Several others from different federally recognized tribes have reported being detained by ICE presumably based on their appearance. The Navajo Nation has reported that at least 15 of their members have been detained and questioned by ICE this year, in various Arizona and New Mexico cities. Other southwest tribes have reported that their members who have been detained are often interrogated in Spanish despite being native English speakers (another hint that phenotype plays a large role in detainment decisions). During one workplace raid in Scottsdale, AZ several Navajo members were detained in the parking lot of their workplace and questioned in Spanish.

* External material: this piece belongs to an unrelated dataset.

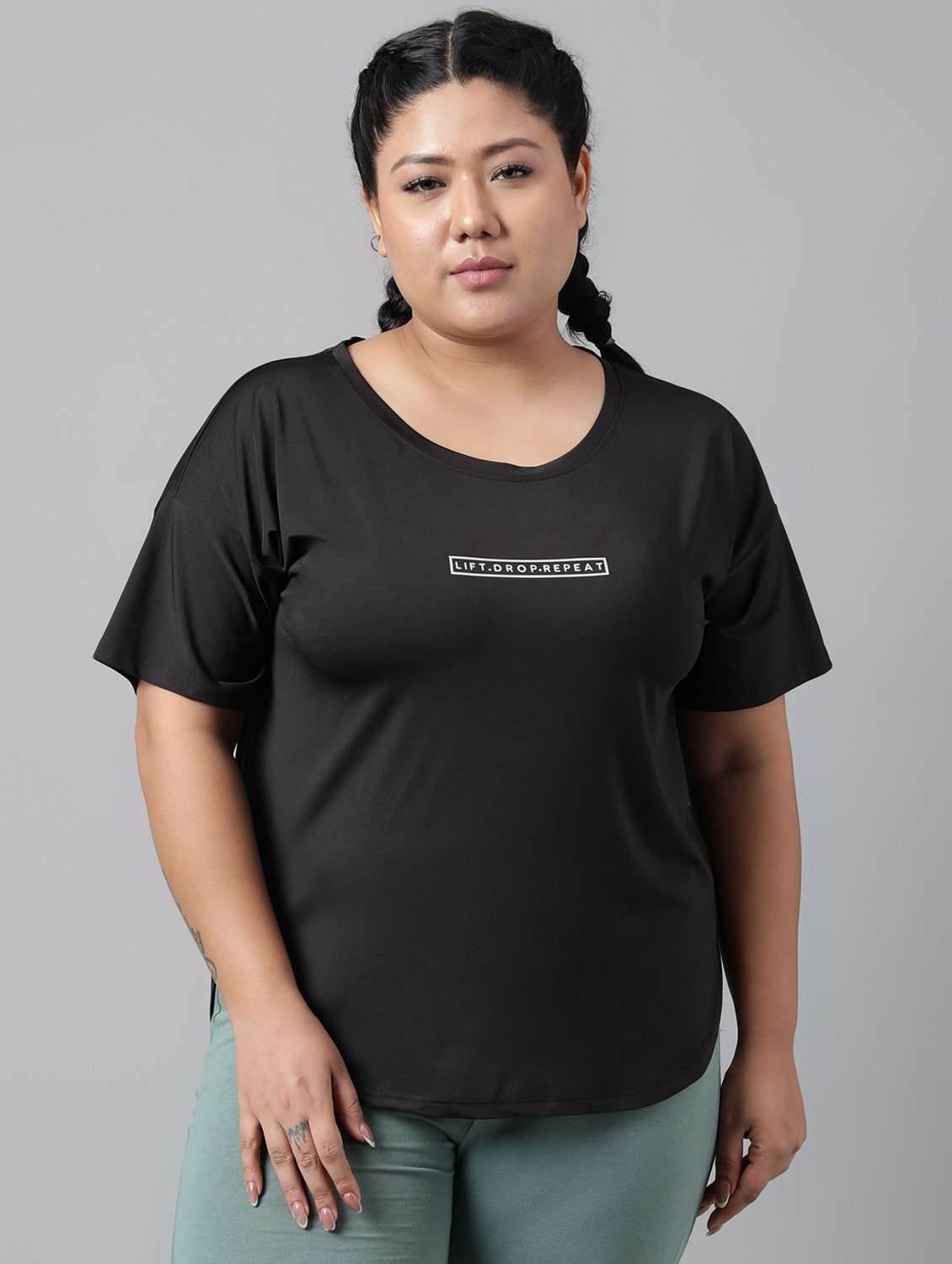 women plus size printed dri-fit sports t-shirt - 21762440 -  Zoom Image - 0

They were speaking in Spanish, and when an agent came to me, I said, “I don’t understand what you’re saying.” Then he changed his tone. He was like, “I’m sorry, I thought you were Hispanic.” I said, “No, I’m Native American.” He asked me for identification. I said that I had my identification on my phone, and he told me to go ahead and take it out. I showed him my Certificate of Indian Blood and he let me go. It could have been easy for me to say, “You know what, where’s your identification? You’re on my land.” But I didn’t do that. It would have triggered a problem for me.

ICE ended up releasing her and her co-workers only after they proved their innocence i.e. citizenship something everyone else would recognize as ass backwards in any other legal context.

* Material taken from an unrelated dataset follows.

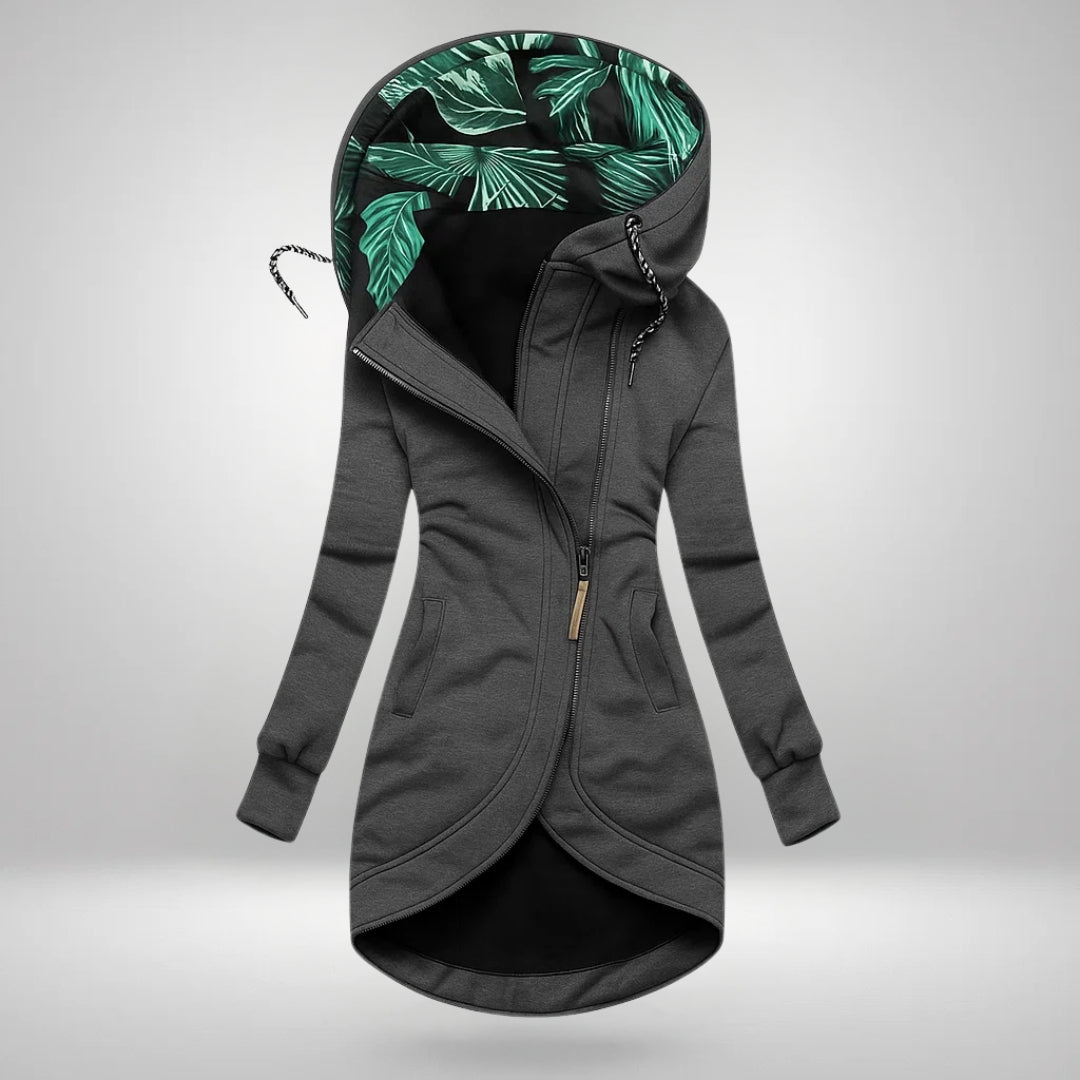 Longline Hooded Zip Jacket with Print-Lined Hood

Some of these ICE tactics might stem from Trump’s animosity towards birth right citizenship. In response to 22 states that sued the Trump admin to stop his EO 14160 unilaterally reinterpreting the 14A birth right citizenship, the Trump DOJ used 19th century case law that excluded Indians from citizenship, such as Elk v. Wilkins and the Civil Rights Act of 1866, to argue, in their opposition to plaintiff states motion, that children born to illegal alien parents were excluded from citizenship.

The Supreme Court’s decision in Elk v. Wilkins, 112 U.S. 94 (1884), confirms that the children of non-resident aliens lack a constitutional birthright to citizenship. In Elk, the Court held that, because members of Indian tribes owe “immediate allegiance” to their tribes, the are not “subject to the jurisdiction” of the United States and are not constitutionally entitled to citizenship. Id. at 102. Indian tribes occupy an intermediate position between foreign States and U.S. States. See Cherokee Nation v. Georgia, 30 U.S. 1, 17 (1831) (Marshall, C.J.) (describing Indian tribes as “domestic dependent nations”). The United States’ connection with the children of illegal aliens and temporary visitors is weaker than its connection with members of Indian tribes. If the latter link is insufficient for birthright citizenship, the former certainly is.

Of course this line of argument might have been convincing in the late 19th century, but the SCOTUS decision in States v. Wong Kim Ark (1898), granting birth citizenship to a child of Chinese nationals, and the Indian Citizenship Act signed into law by Calvin Coolidge a century ago has made it null and void on its face.

Current SCOTUS has also affirmed, in Noem v. Vasquez Perdomo, that racial phenotype can be used as one criteria among many for establishing reasonable suspicion in immigration enforcement. In his concurring opinion, Justice Kavanaugh wrote:

‘To be clear, apparent ethnicity alone cannot furnish reasonable suspicion; under this Court’s case law regarding immigration stops, however, it can be a “relevant factor” when considered along with other salient factors. Id., at 887.’

How much weight this criteria can be given in immigration enforcement was never specified by any court, which legally leaves the door open for racial profiling to be the primary criteria used in immigration stops and detainment. This is really not much different than the old NYPD policy of stop and frisk just more honest about the pretense.